══ Extracted records

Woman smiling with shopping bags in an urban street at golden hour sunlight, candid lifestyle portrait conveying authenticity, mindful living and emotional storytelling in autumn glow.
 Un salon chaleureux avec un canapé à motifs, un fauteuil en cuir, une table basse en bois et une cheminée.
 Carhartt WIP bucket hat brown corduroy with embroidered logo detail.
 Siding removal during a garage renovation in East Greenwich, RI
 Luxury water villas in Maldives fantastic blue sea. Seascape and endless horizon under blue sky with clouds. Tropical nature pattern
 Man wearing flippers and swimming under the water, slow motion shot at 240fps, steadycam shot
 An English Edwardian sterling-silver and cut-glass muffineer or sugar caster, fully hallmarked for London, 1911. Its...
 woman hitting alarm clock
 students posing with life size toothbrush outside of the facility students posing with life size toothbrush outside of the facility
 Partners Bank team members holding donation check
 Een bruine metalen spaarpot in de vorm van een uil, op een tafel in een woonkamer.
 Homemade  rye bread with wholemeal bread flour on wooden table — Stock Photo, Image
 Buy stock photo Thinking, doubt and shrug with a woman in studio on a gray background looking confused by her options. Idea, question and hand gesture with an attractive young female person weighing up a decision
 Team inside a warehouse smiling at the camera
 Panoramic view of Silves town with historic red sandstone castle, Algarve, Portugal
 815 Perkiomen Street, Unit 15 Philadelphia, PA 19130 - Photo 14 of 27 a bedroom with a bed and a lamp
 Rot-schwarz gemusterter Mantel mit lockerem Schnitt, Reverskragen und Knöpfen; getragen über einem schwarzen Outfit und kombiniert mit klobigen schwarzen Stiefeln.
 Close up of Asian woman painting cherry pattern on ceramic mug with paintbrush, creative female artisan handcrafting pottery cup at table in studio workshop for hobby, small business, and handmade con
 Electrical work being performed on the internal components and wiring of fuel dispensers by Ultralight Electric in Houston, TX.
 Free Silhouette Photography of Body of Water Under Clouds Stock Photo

════

§ **What to produce**: Where a line of the records includes "smiling", copy it.

§ **Problem solution**:
Woman smiling with shopping bags in an urban street at golden hour sunlight, candid lifestyle portrait conveying authenticity, mindful living and emotional storytelling in autumn glow.
 Team inside a warehouse smiling at the camera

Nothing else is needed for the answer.